- Born: Barbados
- Education: Hon.B.Sc. in Life Sciences from the University of Toronto, B.Des. in Industrial Design from the Ontario College of Art & Design, and a MEDes in New Media and Contemporary Technology from ENSCI Les Ateliers in Paris.
- Website: www.karaspringer.ca

= Kara Springer =

Kara Springer is a Canadian industrial designer and visual artist of Jamaican and Bajan heritage, who was born in Bridgetown, Barbados and raised in Southern Ontario, Canada.

== Career ==
Springer's name was featured on "Artists on Politics", a print art magazine, in the section titled, "Simone Leigh the group BLACK WOMEN ARTISTS for BLACK WOMEN ARTISTS MATTER in response to the continued inhumane institutionalized violence against Black lives". Springer's work has been exhibited in Germany at the Museum Angewandte Kunst, in Italy the Politecnico di Torino, the Cultural Centre of Belém in Portugal, and in the 2014 Jamaica Biennial.

== Works ==
=== Kaya Birth Stool, 2008 ===
Springer founded the Kaya Birth Stool 2008, which functions as a tool intended to provide comfort and assistance during birthing.

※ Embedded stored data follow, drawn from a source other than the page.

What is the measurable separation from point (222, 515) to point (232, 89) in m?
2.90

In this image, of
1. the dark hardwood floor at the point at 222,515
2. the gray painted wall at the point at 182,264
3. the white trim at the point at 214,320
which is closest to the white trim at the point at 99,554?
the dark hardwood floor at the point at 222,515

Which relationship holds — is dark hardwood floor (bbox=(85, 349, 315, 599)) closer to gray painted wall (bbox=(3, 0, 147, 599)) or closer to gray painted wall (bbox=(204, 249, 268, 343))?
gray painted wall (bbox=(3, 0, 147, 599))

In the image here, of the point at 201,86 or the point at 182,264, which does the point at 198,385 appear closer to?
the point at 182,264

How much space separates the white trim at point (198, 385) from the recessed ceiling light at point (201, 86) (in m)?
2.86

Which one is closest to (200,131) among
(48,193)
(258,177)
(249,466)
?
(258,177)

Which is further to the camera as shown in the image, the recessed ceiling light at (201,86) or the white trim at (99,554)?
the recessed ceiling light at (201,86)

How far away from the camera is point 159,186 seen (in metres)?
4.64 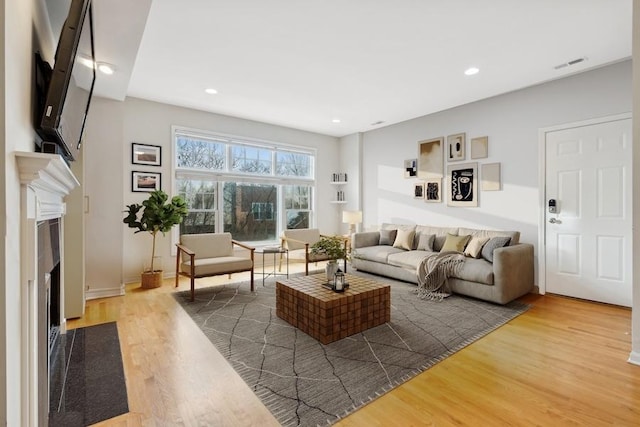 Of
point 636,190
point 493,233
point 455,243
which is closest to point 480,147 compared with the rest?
point 493,233

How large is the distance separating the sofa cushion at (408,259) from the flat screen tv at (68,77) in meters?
3.75

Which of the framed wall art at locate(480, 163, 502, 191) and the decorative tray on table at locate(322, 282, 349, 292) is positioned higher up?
the framed wall art at locate(480, 163, 502, 191)

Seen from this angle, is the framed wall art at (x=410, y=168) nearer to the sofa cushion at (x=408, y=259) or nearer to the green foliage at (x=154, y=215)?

=== Translations, 2015 ===
Translations, created in collaboration with Christian Campbell, poet and cultural critic, was a multimedia installation that addressed concepts pertaining to memory, interdisciplinary practices, the archive, and aesthetics, it took place on April 8, 2015 at The Power Plant. Translations integrates image, text and sound, and operates as a tribute to Terry Adkins (1953–2014), a deceased American artist, in addition, to being a response to the parallel exhibit at The Power Plant, The Unfinished Conversation: Encoding/Decoding.

=== A Small Matter of Engineering (Part 2), 2016 ===
Springer created a sculpture titled, A Small Matter of Engineering (Part 2), which reads "White people. Do something," was installed in front of the Tyler School of Art in September 2016.